Quantcast
Channel: Mellanox Interconnect Community: Message List
Viewing all articles
Browse latest Browse all 6148

Mellanox ConnectX-3 SR-IOV problem

$
0
0

Hi, All,

 

I have spent quite some time searching around for solutions. Tutorials and Q&As like:

https://access.redhat.com/documentation/en-US/Red_Hat_Enterprise_Linux/6/html/Virtualization_Host_Configuration_and_Guest_Installation_Guide/sect-Virtualization_Host_Configuration_and_Guest_Installation_Guide-SR_IOV-How_SR_IOV_Libvirt_Works.html

https://community.mellanox.com/docs/DOC-1317

https://community.mellanox.com/docs/DOC-1484

are all very helpful. However, they primarily focus on how to create and pass Mellanox VFs to the guest, and stop right there. Unfortunately, although my guest can see the VF as a pci device, it failed on installing the driver. Here are some details:

 

Host: Intel Xeon CPU E5-2620 v3 @ 2.40GHz

         Debian 7

         Mellanox ConnectX-3 dual port

         Mellanox OFED driver v2.4-1.0.0.1

         VT-d and VT-x enabled in BIOS

         intel_iommu=on in kernel option

/etc/modprobe.d/mlx4_core.conf:

options mlx4_core port_type_array=2,2 num_vfs=4,4,0 probe_vf=4,4,0 enable_64b_cqe_eqe=0 log_num_mgm_entry_size=-1

I can see virtual functions created on host via "lspci -nn | grep Mellanox":

04:00.0 Ethernet controller [0200]: Mellanox Technologies MT27500 Family [ConnectX-3] [15b3:1003]
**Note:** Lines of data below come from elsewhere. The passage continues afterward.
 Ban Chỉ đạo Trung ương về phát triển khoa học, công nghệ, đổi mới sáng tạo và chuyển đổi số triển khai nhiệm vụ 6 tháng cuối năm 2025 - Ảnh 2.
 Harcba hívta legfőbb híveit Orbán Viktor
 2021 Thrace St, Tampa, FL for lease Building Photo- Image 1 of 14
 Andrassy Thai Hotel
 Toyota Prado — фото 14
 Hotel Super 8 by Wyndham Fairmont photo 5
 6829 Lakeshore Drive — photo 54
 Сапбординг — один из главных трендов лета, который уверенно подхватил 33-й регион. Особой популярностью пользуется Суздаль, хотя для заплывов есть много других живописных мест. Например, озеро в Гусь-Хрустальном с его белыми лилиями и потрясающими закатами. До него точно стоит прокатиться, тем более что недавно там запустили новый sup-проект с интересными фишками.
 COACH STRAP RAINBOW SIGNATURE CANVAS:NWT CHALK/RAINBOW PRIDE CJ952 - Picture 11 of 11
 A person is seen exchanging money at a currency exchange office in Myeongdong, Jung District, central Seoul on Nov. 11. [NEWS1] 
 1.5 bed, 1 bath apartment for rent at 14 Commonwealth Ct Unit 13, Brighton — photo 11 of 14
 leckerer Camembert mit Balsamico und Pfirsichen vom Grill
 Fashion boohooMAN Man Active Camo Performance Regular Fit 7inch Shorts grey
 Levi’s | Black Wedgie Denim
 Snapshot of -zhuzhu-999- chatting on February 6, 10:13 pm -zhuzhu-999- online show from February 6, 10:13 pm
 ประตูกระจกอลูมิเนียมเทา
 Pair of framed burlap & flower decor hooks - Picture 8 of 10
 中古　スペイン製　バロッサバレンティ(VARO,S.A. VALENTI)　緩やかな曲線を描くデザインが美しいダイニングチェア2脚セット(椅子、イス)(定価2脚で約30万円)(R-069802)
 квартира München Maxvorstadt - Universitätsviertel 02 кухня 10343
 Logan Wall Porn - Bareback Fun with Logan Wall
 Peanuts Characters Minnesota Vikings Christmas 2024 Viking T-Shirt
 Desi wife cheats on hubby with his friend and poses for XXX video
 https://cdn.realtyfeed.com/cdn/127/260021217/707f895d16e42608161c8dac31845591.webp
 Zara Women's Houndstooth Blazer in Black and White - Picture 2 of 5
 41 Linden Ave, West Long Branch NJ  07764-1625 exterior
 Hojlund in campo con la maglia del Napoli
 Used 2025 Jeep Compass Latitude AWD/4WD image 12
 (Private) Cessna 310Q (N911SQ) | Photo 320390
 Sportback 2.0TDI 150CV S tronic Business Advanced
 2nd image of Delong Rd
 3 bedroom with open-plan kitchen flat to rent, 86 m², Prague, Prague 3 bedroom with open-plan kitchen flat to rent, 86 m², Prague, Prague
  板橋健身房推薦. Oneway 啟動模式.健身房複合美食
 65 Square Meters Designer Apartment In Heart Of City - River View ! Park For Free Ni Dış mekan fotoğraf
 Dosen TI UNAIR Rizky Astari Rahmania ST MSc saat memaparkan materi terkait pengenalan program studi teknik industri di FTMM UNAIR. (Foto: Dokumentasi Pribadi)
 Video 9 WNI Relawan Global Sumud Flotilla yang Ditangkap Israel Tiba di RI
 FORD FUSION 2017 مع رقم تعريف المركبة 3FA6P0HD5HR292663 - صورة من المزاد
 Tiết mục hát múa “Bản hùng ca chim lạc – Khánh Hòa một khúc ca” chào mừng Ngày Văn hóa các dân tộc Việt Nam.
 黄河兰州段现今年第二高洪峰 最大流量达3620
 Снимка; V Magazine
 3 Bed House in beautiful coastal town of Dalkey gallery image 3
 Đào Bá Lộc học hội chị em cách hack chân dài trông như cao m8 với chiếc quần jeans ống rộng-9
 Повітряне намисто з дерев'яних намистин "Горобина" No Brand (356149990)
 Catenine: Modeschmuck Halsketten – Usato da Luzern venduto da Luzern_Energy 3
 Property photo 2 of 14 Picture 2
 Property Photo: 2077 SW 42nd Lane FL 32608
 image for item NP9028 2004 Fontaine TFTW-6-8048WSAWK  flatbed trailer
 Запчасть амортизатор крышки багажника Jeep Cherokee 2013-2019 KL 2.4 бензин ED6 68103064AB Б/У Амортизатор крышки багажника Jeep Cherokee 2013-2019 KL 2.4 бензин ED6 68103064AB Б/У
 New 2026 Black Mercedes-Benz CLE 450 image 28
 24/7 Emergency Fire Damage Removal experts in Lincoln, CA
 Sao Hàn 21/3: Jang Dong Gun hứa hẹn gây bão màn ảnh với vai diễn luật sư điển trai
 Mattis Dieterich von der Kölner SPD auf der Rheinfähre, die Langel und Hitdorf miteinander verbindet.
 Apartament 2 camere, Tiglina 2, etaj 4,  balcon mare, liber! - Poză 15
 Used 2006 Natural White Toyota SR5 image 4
04:00.1 Ethernet controller [0200]: Mellanox Technologies MT27500 Family [ConnectX-3 Virtual Function] [15b3:1004]

04:00.2 Ethernet controller [0200]: Mellanox Technologies MT27500 Family [ConnectX-3 Virtual Function] [15b3:1004]

04:00.3 Ethernet controller [0200]: Mellanox Technologies MT27500 Family [ConnectX-3 Virtual Function] [15b3:1004]

04:00.4 Ethernet controller [0200]: Mellanox Technologies MT27500 Family [ConnectX-3 Virtual Function] [15b3:1004]

04:00.5 Ethernet controller [0200]: Mellanox Technologies MT27500 Family [ConnectX-3 Virtual Function] [15b3:1004]

04:00.6 Ethernet controller [0200]: Mellanox Technologies MT27500 Family [ConnectX-3 Virtual Function] [15b3:1004]

04:00.7 Ethernet controller [0200]: Mellanox Technologies MT27500 Family [ConnectX-3 Virtual Function] [15b3:1004]

04:01.0 Ethernet controller [0200]: Mellanox Technologies MT27500 Family [ConnectX-3 Virtual Function] [15b3:1004]

 

I also enabled MSI-X on the host Mellanox card driver, as shown in "lspci -vv -s 04:00.0"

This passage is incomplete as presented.